"My people were brought to America in chains," Martin Luther King Jr. told the American Jewish Congress' Biennial in 1958. "Your people were driven here to escape the chains fashioned for them in Europe. Our unity is born of our common struggle for centuries, not only to rid ourselves of bondage, but to make oppression of any people by others an impossibility."
Dr. King was expressing his certainty that Jewish and African American leaders could forge an alliance that would soundly defeat both racism and anti-Semitism. By the early 1960s, Dr. King's message had inspired black and Jewish visionaries to further solidify bonds of friendship and brotherhood, bonds that would help define the history of the civil rights movement in this country.
By the late 1960s, however, tensions between the two communities had begun to obscure the invaluable work both groups had done in tandem to promote racial healing and harmony. And by the end of the century -- three decades after the two Jewish civil rights workers Andrew Goodman and Michael Schwerner were slain alongside James Chaney in Mississippi -- some would be saying that the bedrock of common alliance had irretrievably crumbled, strewing the path to tolerance and justice with its rubble.
Fortunately, the lessons of the past have not been lost on many African American and Jewish leaders, on people of conscience who understand that simple human decency requires that forces be joined to vanquish intolerance and bigotry.
And much has been done in recent years to repair the breach that has divided blacks and Jews. This work - which King would not only have endorsed but would have led -- is now bearing fruit. In the late 1990s, there was substantial cooperation between African Americans and Jews on the local and national levels. There were symposia, dialogues, joint celebrations of civic holidays and holy days, and joint visits by black and Jewish teenagers to sites that are historically significant for the civil rights struggle. Since 1997, there have been no significant, headline-generating disputes between mainstream African American and mainstream Jewish organizations.
In a sense, we have come full circle from the days when Dr. King admonished in his book Strive Toward Freedom, "May the people of race in America soon make hearts burn.." For, while we can readily acknowledge the long way American society has come since Rosa Parks refused to give up her seat a public bus in Montgomery, Alabama, in 1955, we should not yet assume that the road to justice and equality is finally free of resistance and barriers.
Life in the United States is now calmer and safer for blacks and Jews than it was four decades ago; both groups enjoy unprecedented access to power and affluence and greater acceptance in the broader society.
But we must persistently and knowingly measure the distance we have traveled, and not mistake that or the distance that remains.
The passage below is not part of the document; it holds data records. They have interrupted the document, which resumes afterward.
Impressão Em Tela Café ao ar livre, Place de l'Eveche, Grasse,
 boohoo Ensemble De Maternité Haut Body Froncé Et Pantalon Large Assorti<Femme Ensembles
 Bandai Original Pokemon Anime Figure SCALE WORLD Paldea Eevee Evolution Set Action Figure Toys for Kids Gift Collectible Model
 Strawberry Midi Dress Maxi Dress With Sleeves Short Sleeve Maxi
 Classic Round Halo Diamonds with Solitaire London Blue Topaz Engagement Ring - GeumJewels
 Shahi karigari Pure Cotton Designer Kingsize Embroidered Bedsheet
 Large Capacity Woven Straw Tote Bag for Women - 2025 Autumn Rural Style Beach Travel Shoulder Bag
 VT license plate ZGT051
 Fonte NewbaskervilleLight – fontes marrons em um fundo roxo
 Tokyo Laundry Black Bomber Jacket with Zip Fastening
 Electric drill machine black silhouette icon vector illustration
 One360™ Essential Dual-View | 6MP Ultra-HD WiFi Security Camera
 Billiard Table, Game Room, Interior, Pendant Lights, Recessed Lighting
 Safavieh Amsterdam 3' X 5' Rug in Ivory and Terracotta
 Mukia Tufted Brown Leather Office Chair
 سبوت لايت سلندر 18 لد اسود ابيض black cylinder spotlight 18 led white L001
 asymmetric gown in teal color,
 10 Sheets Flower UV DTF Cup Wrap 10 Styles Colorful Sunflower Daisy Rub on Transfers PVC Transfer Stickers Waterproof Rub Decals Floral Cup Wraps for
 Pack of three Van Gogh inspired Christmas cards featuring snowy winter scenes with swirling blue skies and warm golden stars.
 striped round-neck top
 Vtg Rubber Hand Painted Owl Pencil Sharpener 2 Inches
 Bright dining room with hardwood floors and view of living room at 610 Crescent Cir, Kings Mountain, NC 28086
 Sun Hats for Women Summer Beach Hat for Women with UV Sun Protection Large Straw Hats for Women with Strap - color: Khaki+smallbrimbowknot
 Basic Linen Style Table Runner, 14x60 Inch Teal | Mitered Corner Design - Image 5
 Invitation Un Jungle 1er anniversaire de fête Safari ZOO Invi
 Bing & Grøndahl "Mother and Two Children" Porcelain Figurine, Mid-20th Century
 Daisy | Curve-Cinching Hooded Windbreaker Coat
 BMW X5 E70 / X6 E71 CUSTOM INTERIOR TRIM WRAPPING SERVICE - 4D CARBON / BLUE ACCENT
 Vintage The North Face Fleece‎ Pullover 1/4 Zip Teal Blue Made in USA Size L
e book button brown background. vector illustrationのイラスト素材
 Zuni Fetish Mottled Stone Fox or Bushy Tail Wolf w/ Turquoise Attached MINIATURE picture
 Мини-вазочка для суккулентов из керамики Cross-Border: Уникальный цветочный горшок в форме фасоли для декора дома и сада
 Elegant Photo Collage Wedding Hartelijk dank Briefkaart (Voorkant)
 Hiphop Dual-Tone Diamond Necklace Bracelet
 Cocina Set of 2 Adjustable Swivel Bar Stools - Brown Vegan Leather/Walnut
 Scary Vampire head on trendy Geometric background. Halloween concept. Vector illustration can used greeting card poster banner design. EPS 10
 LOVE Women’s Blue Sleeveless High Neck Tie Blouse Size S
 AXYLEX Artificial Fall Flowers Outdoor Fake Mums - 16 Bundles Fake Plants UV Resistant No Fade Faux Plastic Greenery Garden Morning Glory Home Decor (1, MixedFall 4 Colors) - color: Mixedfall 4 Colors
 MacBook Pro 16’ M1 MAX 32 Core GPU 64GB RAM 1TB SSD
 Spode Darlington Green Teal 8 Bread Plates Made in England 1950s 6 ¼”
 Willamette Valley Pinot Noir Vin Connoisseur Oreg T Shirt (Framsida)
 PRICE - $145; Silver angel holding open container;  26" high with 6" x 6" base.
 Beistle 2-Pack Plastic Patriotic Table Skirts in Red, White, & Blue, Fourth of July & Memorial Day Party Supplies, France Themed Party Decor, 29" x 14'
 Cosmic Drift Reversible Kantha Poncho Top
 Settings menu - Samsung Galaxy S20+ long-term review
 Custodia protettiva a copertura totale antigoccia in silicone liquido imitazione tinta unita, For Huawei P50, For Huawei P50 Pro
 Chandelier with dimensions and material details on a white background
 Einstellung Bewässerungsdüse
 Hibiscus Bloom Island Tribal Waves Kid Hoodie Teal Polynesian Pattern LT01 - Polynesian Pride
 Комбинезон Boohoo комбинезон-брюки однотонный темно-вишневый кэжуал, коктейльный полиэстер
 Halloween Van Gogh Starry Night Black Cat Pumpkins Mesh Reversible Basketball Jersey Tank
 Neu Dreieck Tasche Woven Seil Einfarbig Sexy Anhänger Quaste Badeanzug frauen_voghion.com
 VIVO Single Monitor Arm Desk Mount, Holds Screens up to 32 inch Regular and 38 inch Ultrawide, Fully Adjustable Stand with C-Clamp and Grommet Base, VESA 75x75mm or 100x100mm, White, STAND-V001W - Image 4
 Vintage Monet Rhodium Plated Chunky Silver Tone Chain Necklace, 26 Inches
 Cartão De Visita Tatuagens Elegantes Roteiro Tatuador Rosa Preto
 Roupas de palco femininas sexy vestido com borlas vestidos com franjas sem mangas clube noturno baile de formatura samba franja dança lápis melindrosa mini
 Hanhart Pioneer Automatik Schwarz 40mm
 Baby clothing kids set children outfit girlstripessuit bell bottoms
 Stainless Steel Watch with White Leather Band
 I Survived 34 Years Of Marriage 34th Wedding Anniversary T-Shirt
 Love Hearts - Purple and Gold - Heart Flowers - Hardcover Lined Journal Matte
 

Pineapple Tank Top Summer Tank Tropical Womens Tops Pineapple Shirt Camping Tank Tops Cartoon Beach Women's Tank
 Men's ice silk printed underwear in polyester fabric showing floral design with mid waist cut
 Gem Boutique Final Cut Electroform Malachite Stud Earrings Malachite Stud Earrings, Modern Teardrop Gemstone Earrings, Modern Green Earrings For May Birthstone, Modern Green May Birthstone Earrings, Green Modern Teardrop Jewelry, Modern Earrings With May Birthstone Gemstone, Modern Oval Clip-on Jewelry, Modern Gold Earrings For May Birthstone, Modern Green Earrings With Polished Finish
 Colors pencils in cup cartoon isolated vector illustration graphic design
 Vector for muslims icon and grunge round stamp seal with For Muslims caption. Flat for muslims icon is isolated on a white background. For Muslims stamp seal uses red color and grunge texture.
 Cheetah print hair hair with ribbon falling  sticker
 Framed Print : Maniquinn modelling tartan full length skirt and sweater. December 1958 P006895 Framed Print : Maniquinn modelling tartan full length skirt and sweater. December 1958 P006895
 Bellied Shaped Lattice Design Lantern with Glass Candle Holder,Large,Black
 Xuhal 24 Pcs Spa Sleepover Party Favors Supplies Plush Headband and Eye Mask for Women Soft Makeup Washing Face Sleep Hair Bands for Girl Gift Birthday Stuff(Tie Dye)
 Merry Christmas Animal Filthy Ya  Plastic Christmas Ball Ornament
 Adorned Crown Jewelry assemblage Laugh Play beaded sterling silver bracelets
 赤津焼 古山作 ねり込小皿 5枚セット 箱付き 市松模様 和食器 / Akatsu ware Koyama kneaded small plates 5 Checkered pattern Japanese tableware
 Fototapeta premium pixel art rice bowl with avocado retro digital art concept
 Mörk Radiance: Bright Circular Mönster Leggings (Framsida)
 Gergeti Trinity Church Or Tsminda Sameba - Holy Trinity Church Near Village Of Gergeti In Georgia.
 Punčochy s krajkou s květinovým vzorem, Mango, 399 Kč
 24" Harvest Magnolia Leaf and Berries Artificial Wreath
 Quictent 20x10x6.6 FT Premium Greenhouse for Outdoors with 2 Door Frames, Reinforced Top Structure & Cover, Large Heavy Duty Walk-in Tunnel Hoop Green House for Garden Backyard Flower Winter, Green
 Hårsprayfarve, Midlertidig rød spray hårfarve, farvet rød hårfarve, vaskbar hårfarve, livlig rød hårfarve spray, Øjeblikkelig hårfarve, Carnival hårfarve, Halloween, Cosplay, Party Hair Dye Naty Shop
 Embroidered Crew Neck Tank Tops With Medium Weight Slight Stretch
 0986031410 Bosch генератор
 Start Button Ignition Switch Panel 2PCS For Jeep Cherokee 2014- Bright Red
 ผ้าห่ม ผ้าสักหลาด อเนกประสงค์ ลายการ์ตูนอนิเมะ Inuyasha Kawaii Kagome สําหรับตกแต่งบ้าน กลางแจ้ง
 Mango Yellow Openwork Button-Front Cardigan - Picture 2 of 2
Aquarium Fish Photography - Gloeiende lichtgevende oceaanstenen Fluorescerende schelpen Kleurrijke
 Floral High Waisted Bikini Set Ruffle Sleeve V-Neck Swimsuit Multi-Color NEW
And we must always remember that the battle for human rights us a common one and a mutual one, a battle which, since it is defined by the very word "human," demands that all of us put our collective shoulders to the wheel of decency.
In this way we can -- together -- achieve that most grand of goals: a world no longer tarnished by the slanders of bigotry or the disturbances of intolerance. A world, in other words, ver much like the one envisioned by Dr. Martin Luther King Jr.